Today Lisa Bright from the Pastoral Renewal team presents our Gospel reflection and reads from the Gospel of Matthew (5: 43-48) in which Jesus tells his followers ‘love your enemies and pray for those who persecute you, in this way you will be children of your Father in heaven’.
Lisa says, in this gospel, Jesus continues to share what it means to love another in the image and likeness of God. We heard in the gospel a very clear message with no exception – love your enemies, pray for those who persecute you. It’s easy to be nice to those people who are nice to you … but how do we respond when someone is unfriendly toward us?
Not only are we called to respond to this in our ‘human’ world, but Lisa says she is particularly attuned to this in our digital world. Scrolling through the internet and, on social media sites, sifting occasionally through the comments on posts, she is really saddened by some of the uncharitable and unloving comments she reads. It seems that the courtesies that we afford each other face-to-face do not extend to the digital space. And yet, Jesus’ words and message of this gospel are so applicable in that space.

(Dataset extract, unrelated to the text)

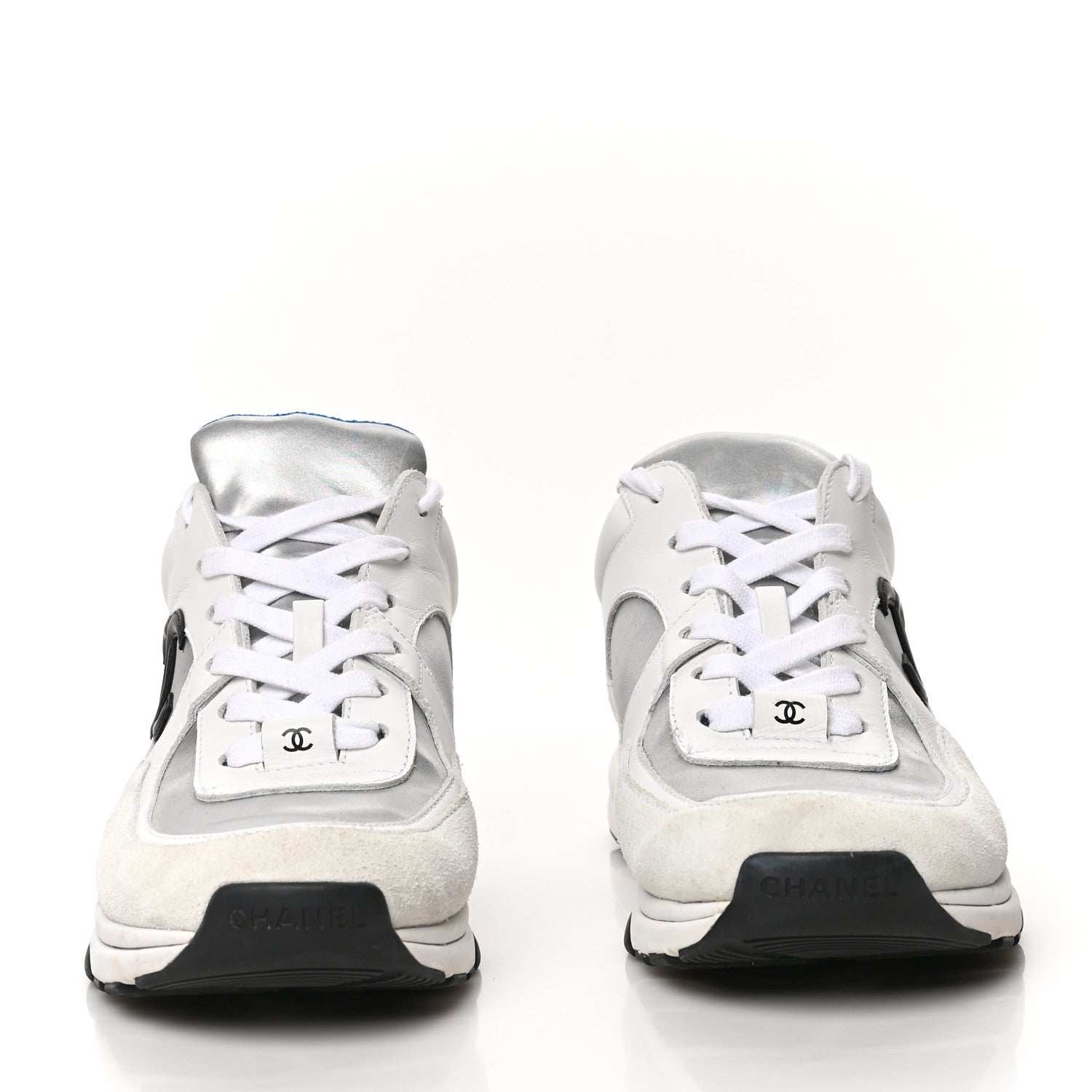 Chanel Calfskin Fabric Sneakers 39 White Silver Fluo Blue 2 of 9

For example, if Lisa sees a comment she doesn’t agree with or which has particularly angered or offended her, if she chooses to respond, how does she do this? What are the words to use? What is the tone to convey? As in a face-to-face situation, Lisa tries to see that the person behind a comment or post is also a person and is also loved by God. Our challenge in that situation is to see the face of God in the person behind the post.

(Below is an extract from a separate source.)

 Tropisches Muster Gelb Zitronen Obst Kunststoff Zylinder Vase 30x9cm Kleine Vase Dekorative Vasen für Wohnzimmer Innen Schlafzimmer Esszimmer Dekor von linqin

The last line of today’s Gospel also captured Lisa’s attention today, “you must therefore be perfect just as your Heavenly Father is perfect.” What a line! I am to be perfect as God is perfect. No pressure whatsoever!
Upon reading some commentaries on this bible passage, the word ‘perfect’ in today’s language doesn’t have the same meaning as in the original text. The word perfect in Matthew’s Gospel comes from the Greek word ‘Teleois’ which translates to ‘fully grown’ or ‘whole’. It insinuates maturity. When Lisa applies it to this gospel, she hears Jesus saying that we must be whole in God and mature in our life and faith. And this is achieved by accepting the invitation to live in the way that Jesus is sharing with us.
Lisa says, she doesn’t think it is something we will necessarily achieve in this life she knows we are always maturing and discovering more and more about life and faith. She hopes though, in that discovery and in trying to live it, she is doing so in a way that lives and breathes life in its wholeness as God asks of us – that is loving others – face to face and in the digital world – our friends and our enemies, and forgiving others especially when we find it difficult to forgive so as to reflect God’s unconditional love.
In closing, Lisa invites us to pray, ‘God, I pray that we can become whole in you, listening to your word, and living it through our lives. Amen’.